People who need emergency funds quickly and don’t have access to credit cards or bank loans may know they have several other options. Individuals with problem credit may be able to take out a vehicle title loan, a pawn loan, a payday loan, or an installment loan from a company like Blue Trust Loans. Each option has advantages and drawbacks to consider. Not everyone is eligible for each of these lending products.
Collateral Lending Products
Title and pawn loans require collateral. The other two options do not. If somebody is still financing his or her vehicle, being able to borrow money with a title is probably not in the cards. Borrowing from a pawn shop requires the person to have something of value that the pawnbroker could sell if the customer defaults. Both of these borrowing opportunities also carry the risk of losing a valuable belonging. A title lending company can repossess a vehicle for nonpayment.

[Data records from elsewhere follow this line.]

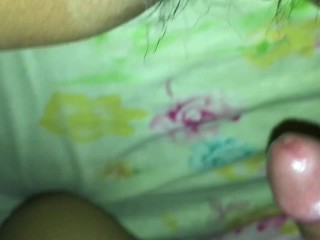 CUMSHOT INSIDE MY WORKMATE PUSSY (ណាត់ក្រុមការងារញាំអីជុំគ្នាមកបានតែ២នាក់មានតែទិញអីញំនៅបន្ទប់ជួល)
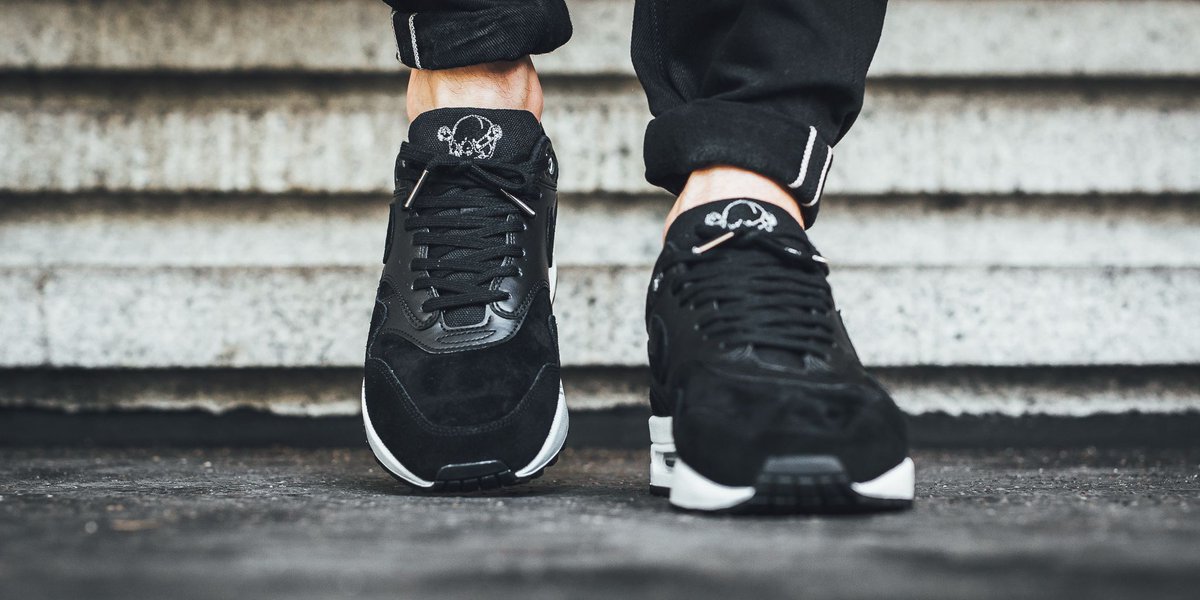 titoloshop's tweet photo. RELEASE ⚫️💀 NIKE Air Max 1 Premium #RebelSkull
MON 4th SEP 🔺 9AM CET
➡️ https://t.co/KOtqztv1Ra https://t.co/P5m8KdyPDj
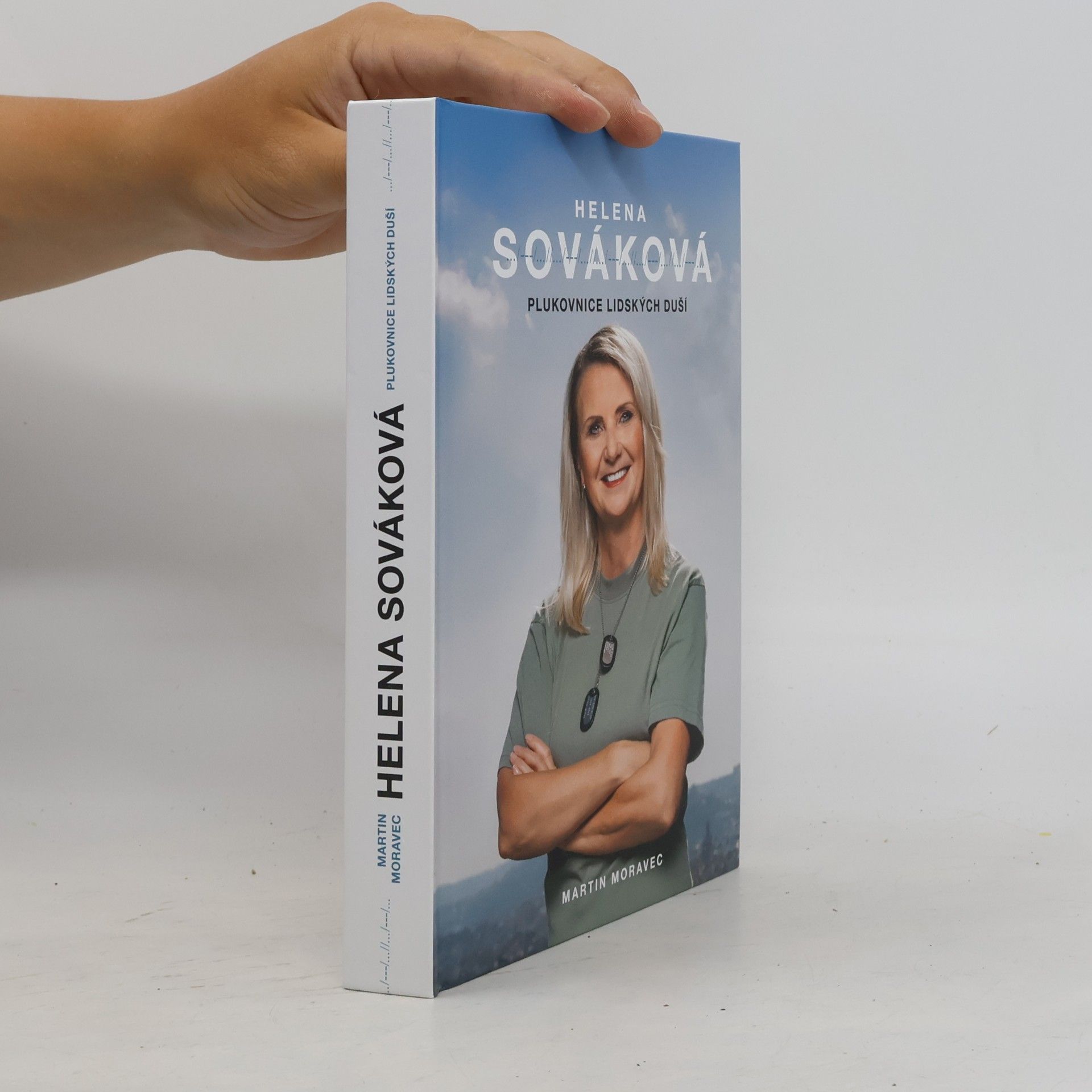 Helena Sováková Helena Sováková: Plukovnice lidských duší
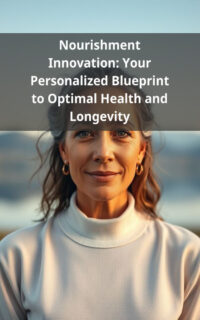 Nourishment Innovation: Your Personalized Blueprint to Optimal Health and Longevity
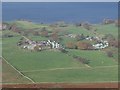 Seat Farm seen from Barton Fell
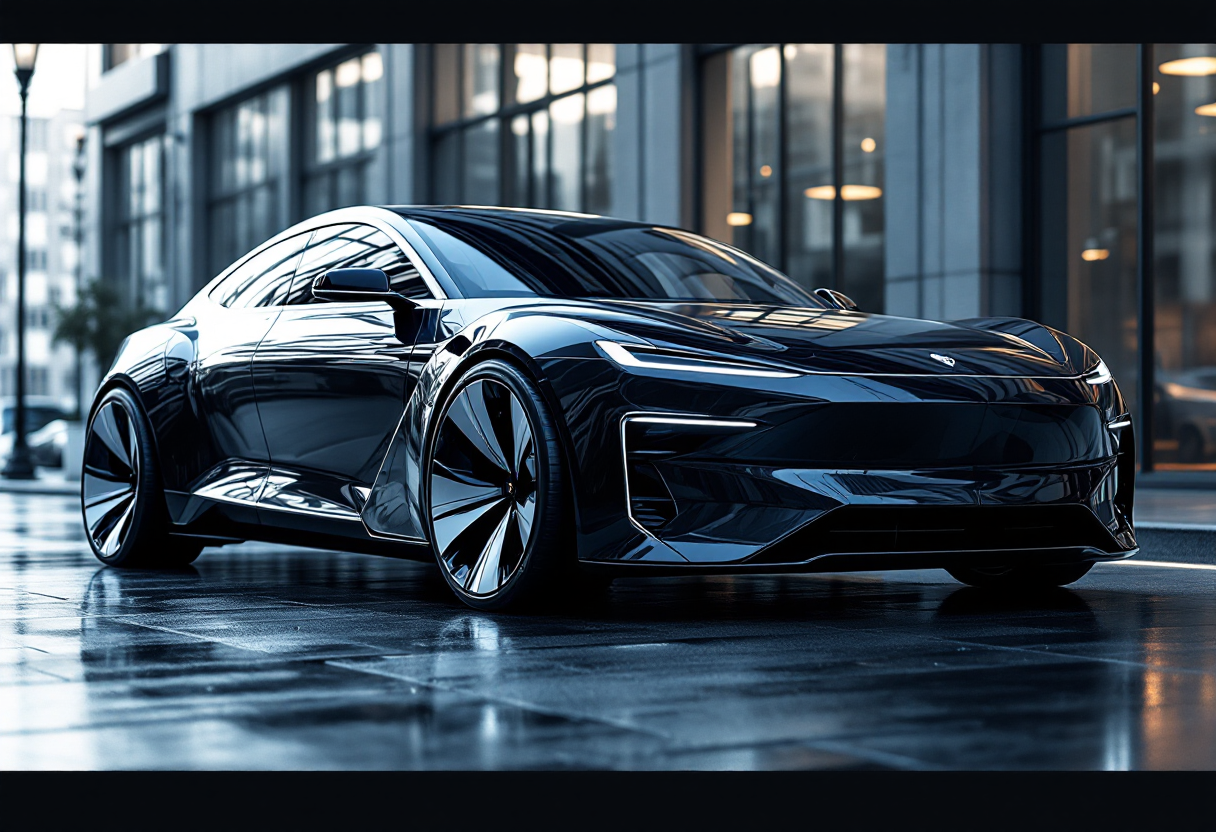 Auto elettriche usate in Italia con crescente interesse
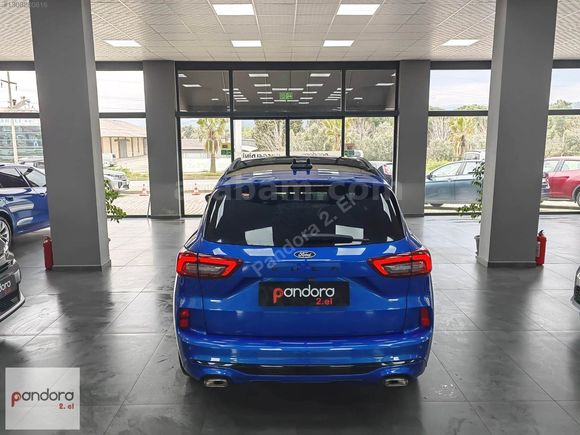 2025 ÇIKIŞLI 2024 MODEL HATASIZ FORD KUGA 1.5 ECOBOOST ST LİNE X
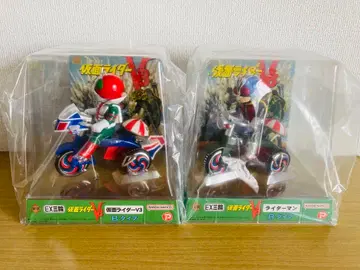 EX 삼륜 가면라이더 V3 라이더맨 세트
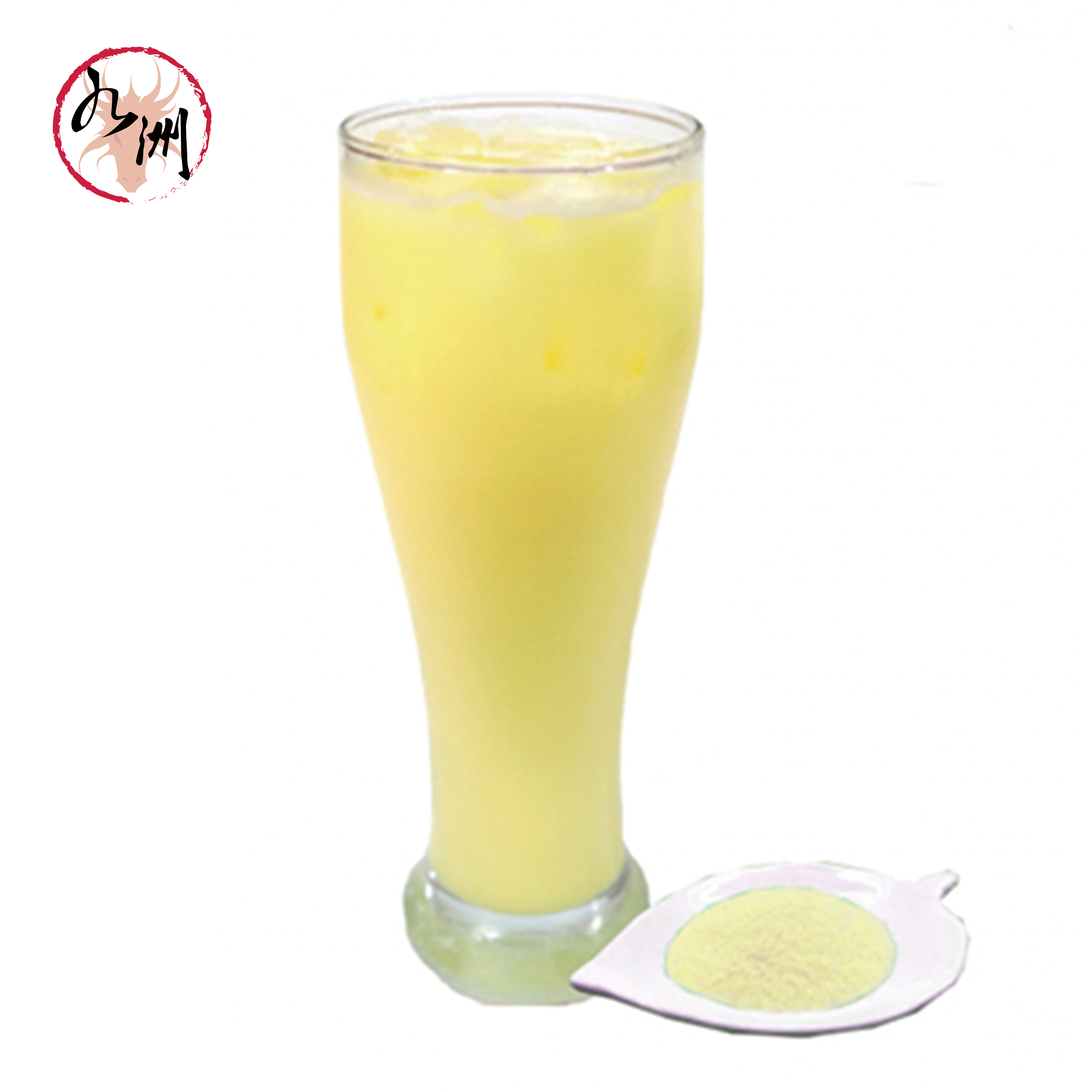 Тайвань в стиле «Bubble Tea сделано в китае банановая вкусо-ароматическая добавка порошок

A pawn shop can sell the pawned item if the minimum interest due is not paid back on time.
Payday and Installment Options
Local and online payday and installment lending products are all somewhat similar in regard to interest rates and requirements such as proof of income. The main difference is that installment loans can be paid back over several months, whereas payday loans must be paid in full by the next paycheck, which usually gives the borrower only two weeks. People may get into a cycle of refinancing by paying the interest due and extending the loan for another two weeks. Some pay off the amount in full and almost immediately take out another loan.
Installment products can be more affordable since the payments are spread out longer. The customer may be able to borrow more, too, because the entire amount won’t be due within two weeks. The borrower still must be completely aware that the interest rates are high, which can mean paying back a large amount in finance charges. The loan should be paid back as soon as possible, even if it means drastically cutting corners in the household budget for a while.